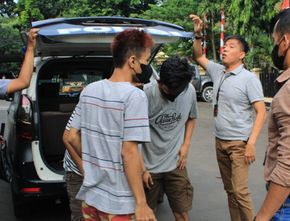 Pria di Jakbar Dikeroyok Empat Temannya Pecandu Narkoba karena Diduga sebagai Cepu Polisi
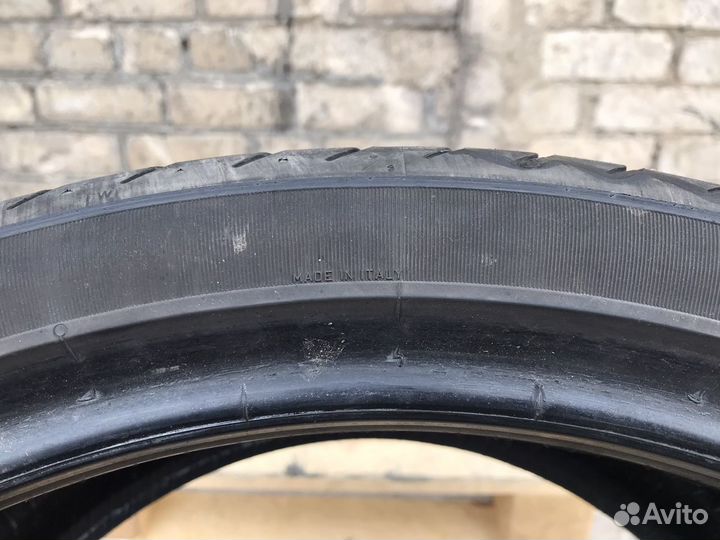 Pirelli P Zero 265/30 R19 93Y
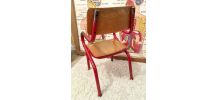 Chaise enfant écolier rouge vintage
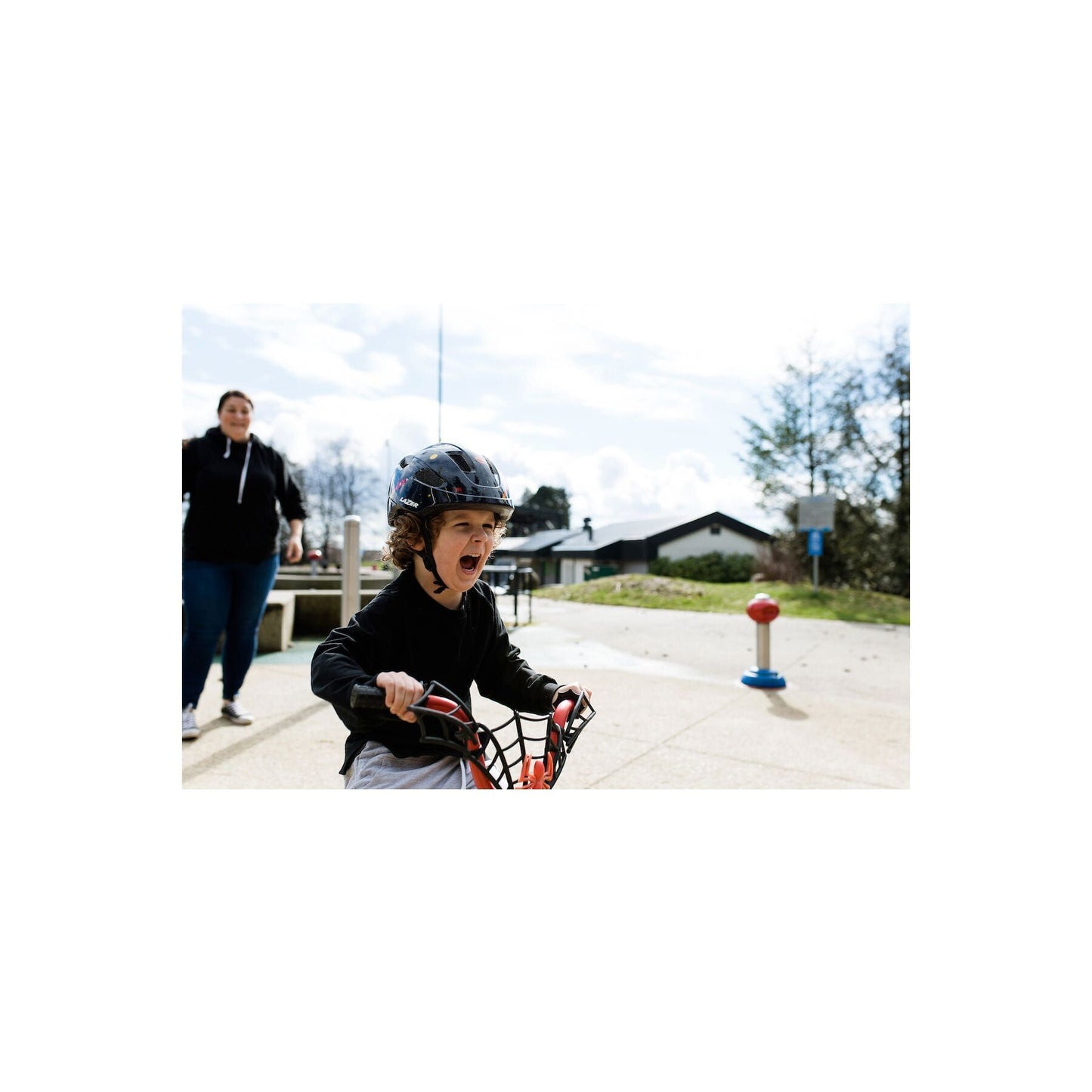 LAZER NUTZ KINETICORE UNI-YOUTH HELMET 2.0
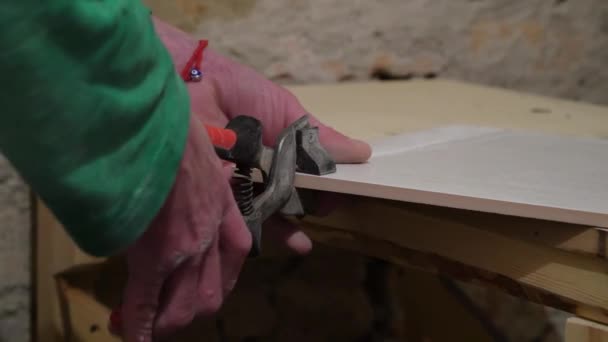Werknemer Met Een Hand Cutter Snijdt Tegel Afwerking Werken Focus — Stockvideo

=== Exercise goal ===
Although the records contain pictures, the copy should hold only their text, reproduced exactly.

=== Output ===
 Pria di Jakbar Dikeroyok Empat Temannya Pecandu Narkoba karena Diduga sebagai Cepu Polisi
 Pirelli P Zero 265/30 R19 93Y
 Chaise enfant écolier rouge vintage
 LAZER NUTZ KINETICORE UNI-YOUTH HELMET 2.0
Werknemer Met Een Hand Cutter Snijdt Tegel Afwerking Werken Focus — Stockvideo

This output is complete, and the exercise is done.